_WHAT TO DO_:
An exact copy of the records is needed; please leave the images out.
(DATA UNDER STUDY)
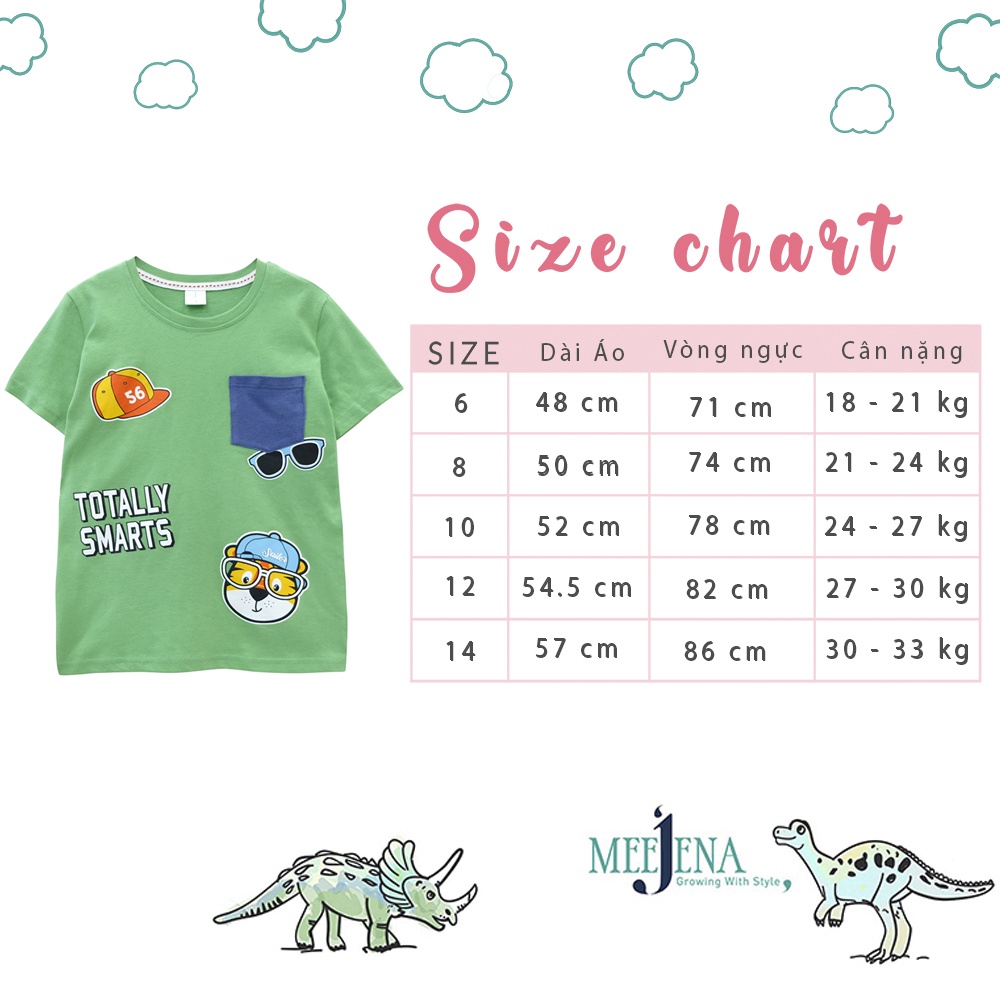 Áo thun bé trai hình in dễ thương từ 18 - 33 kg - MEEJENA - 1057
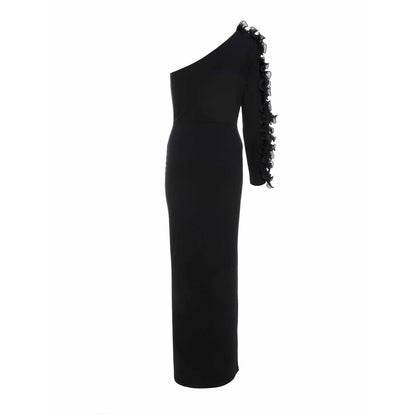 Quiz Clothing Black Scuba Crepe One Shoulder Trim Maxi Dress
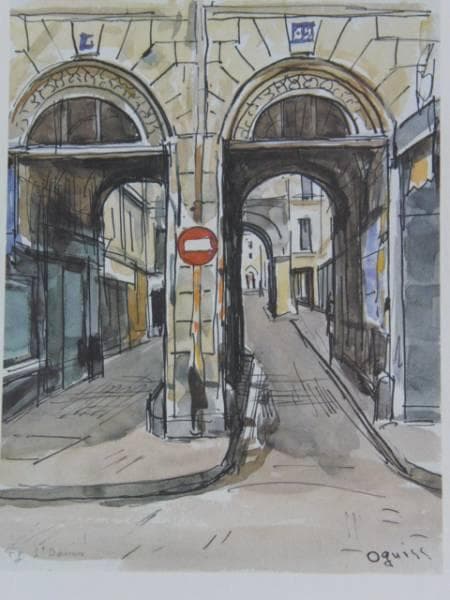 荻須 高徳/0guiss】 『フォーブール・サン・ドニ』 素描、版上サイン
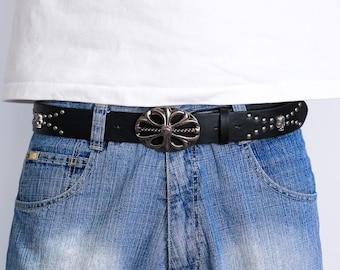 Y2K Black Studded Belt Skull Medallion, Silver Cross Buckle, 43in, Gothic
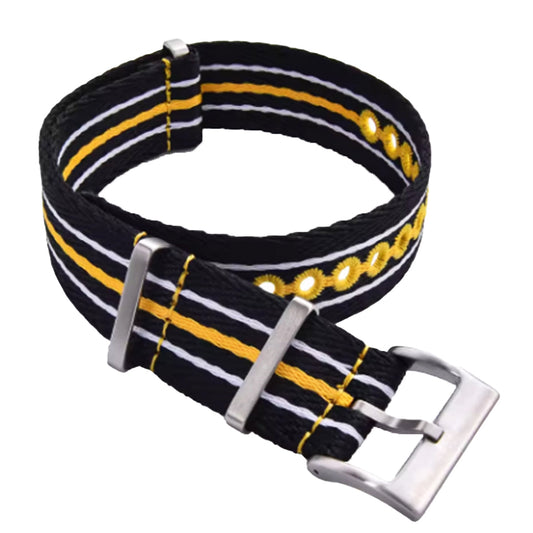 Masar Bracelet Nato Noir Jaune Blanc - Nylon tressé 20mm 22mm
(End DATA UNDER STUDY)
_ANSWER BELOW_:
 Áo thun bé trai hình in dễ thương từ 18 - 33 kg - MEEJENA - 1057
 Quiz Clothing Black Scuba Crepe One Shoulder Trim Maxi Dress
 荻須 高徳/0guiss】 『フォーブール・サン・ドニ』 素描、版上サイン
 Y2K Black Studded Belt Skull Medallion, Silver Cross Buckle, 43in, Gothic
 Masar Bracelet Nato Noir Jaune Blanc - Nylon tressé 20mm 22mm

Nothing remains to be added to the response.